Sign Anthony With Cap Space, But Only If He Comes Cheap
This scenario would start with a Boozer amnesty. The Bulls would then need to perform some additional gyrations to get to about $15 million in cap space, likely in the form of trading Tony Snell, Mike Dunleavy, and one or both of their first-rounders this year for future assets. Getting Anthony for that price would clearly be worth it. However, he might not be particularly interested in signing for a contract starting at that amount given the fact he could get as much as about $22 million to start in other scenarios.
Unfortunately, if the Bulls cannot trade for Anthony getting to the point where they can offer Anthony his full $22 million starting salary via cap room is not worth it. They would have to trade away Taj Gibson to clear that kind of space, but would then have only the two-year, $2.7 Room Exception and the league minimum at their disposal to fill in the roster around Rose, Butler, Anthony and Noah. They would have no means by which to acquire Mirotic this year either, because even if he were willing to take the Room Exception and Real Madrid were willing to reduce his buyout, it would not work because he must sign at least a three-year contract if he is to exceed the Rookie Scale.
This option would be great if Anthony is willing to reduce is salary demands enough to allow the Bulls to keep Gibson, but that would entail him taking a massive paycut that seems unlikely.
Sign Kyle Lowry
Assuming Anthony does not work out, the Bulls would have their potential $10 million in room without a seemingly great fit in free agency.. Their greatest need is on the wing, but the top wings Trevor Ariza and Luol Deng are not worth that kind of money. Nor do they provide the outstanding shooting the Bulls desperately need.*
*Ariza shot well on threes this year, but that is an outlier for his career. And Bulls fans are well-familiar with Deng’s limited touch from outside.

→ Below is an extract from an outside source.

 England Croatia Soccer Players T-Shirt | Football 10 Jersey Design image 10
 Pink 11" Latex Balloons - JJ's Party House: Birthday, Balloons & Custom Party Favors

To find a $10 million a year type of player, the Bulls will need to think outside the box by looking at a point guard. Kyle Lowry would be the best player available. Admittedly, he seems a poor fit with Derrick Rose defensively, as one of them would have to take shooting guards. But that problem would be mitigated by having Butler, Gibson, and Noah behind them. Butler could guard any truly threatening wings, allowing Rose to hide out on the other team’s worst wing.

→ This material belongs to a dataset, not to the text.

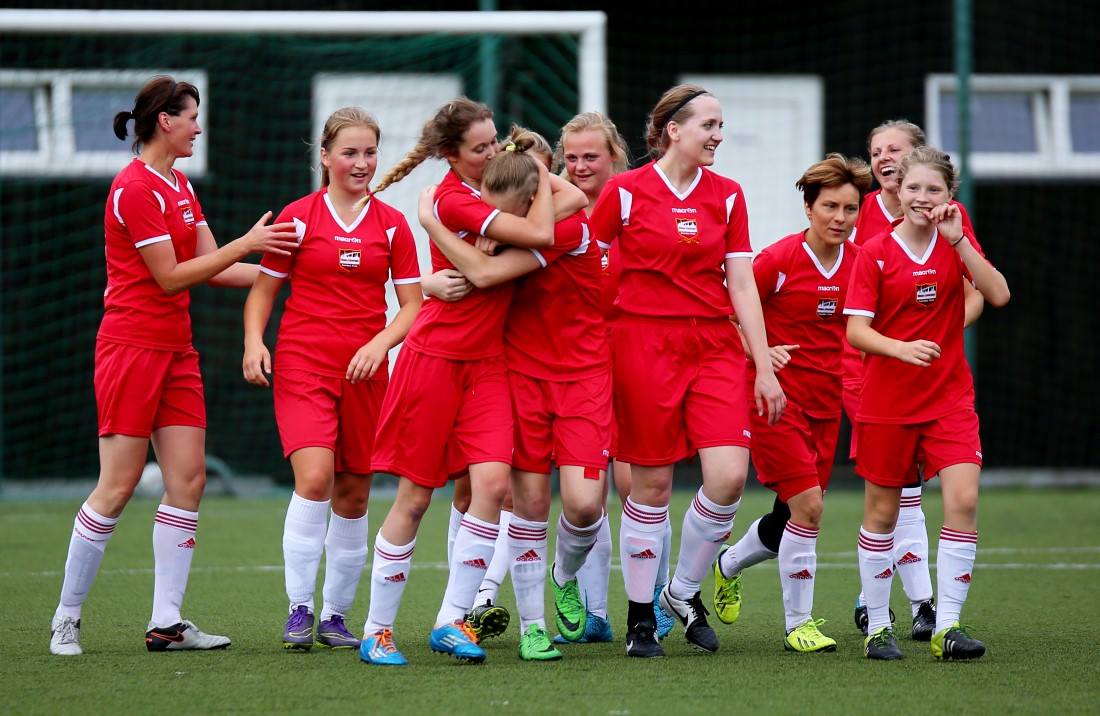 latvian womens football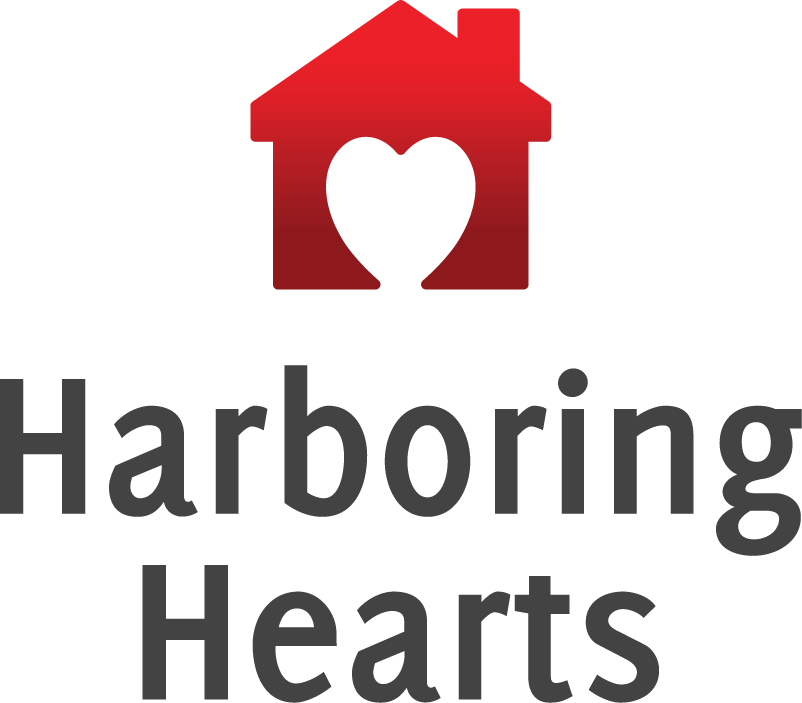 Logo for "HARBORING HEARTS HOUSING FOUNDATION INC"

Meanwhile, Rose and Lowry could make a great pairing on offense. One of the two would have the speed advantage against an opposing wing, and they could both handle the ball and run multiple pick and rolls off ball reversals. Rose is much more effective shooting set shot threes on kickouts than off the dribble, while Lowry is an excellent threat from behind the arc. He took 46 percent of his shots from there and drilled 38 percent. Finally, Lowry would offer great insurance if Rose misses time again.

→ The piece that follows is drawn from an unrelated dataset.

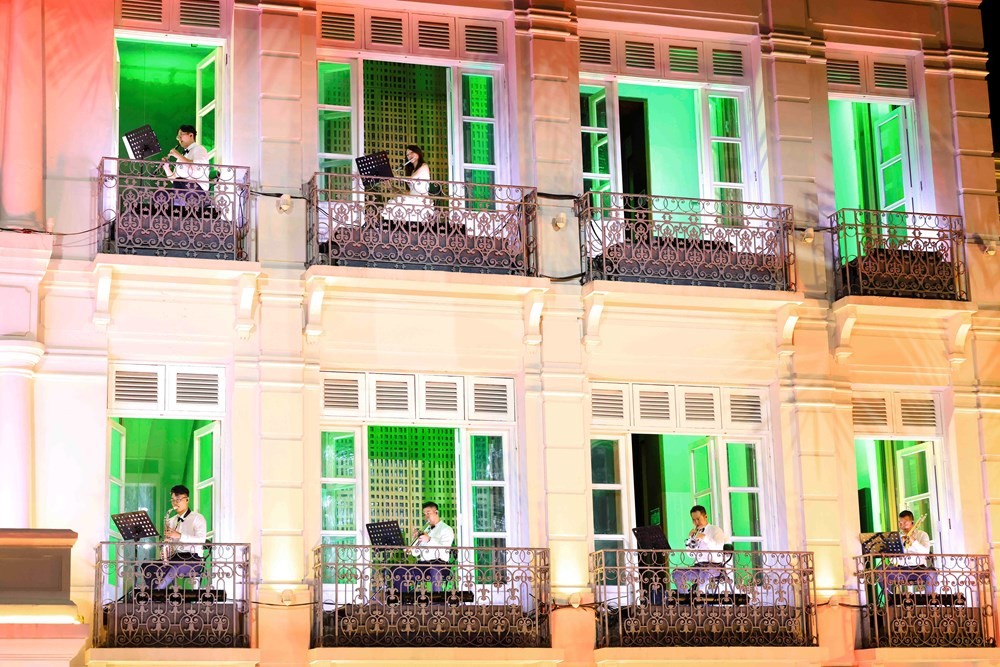 Không gian âm nhạc Da Nang Concert 2025 – “Đà Nẵng: Kết nối tương lai”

The Bulls could potentially offer Lowry up to a four-year contract starting for as much as $12 million per year and totaling $51.2 million with a few of the cap methods mentioned in the Anthony section. This would be a pretty big overpay, but less so than offering a wing player their available cap space.
This plan does have flaws. Lowry may not want to play with Rose, as he has been prickly about splitting time in the past. On the other hand, with Rose he would still be a clear starter, and Rose doesn’t shoot any more often than Demar DeRozan in Toronto.
An alternative Lowry scenario also offers some reason why the Bulls would want to trade away Carlos Boozer with an asset into the cap space of a team like Philadelphia rather than amnestying him. I have previously said there was no possible reason to do this other than cost-cutting by the ownership, but on further reflection there is a scenario in which such a trade makes sense.
For example, it is unlikely Toronto would take back Boozer in a sign-and-trade for Lowry without significant concessions, but if the Bulls attached an asset to trade Boozer elsewhere it would create a giant trade exception. This exception would enable the Bulls to stay over the cap even once Boozer was gone, because exceptions count against the cap unless renounced. With the threat of cap space (which would not actually be realized until the trade exception were renounced), the Bulls could induce Toronto to sign-and-trade Lowry into the Boozer trade exception and create their own useful trade exception*, with the Bulls potentially throwing in a small asset as well to obtain Toronto’s compliance. The advantage to the Bulls of staying over the cap would be retaining the BAE and MLE.* If they signed Lowry outright with cap space, they probably could not bring over Mirotic without dumping further money and would be limited to the $2.7 million Room Exception just as if they signed Anthony with cap space.
*Because it would be a sign-and-trade, the amount of this exception would be the greater of 50% of Lowry’s new salary or the $6.2 million in his last contract.
**This is a similar model to what Golden State did last summer with Denver and Utah after agreeing to terms with Andre Iguodala. They never went under the cap so they were able to retain their exceptions.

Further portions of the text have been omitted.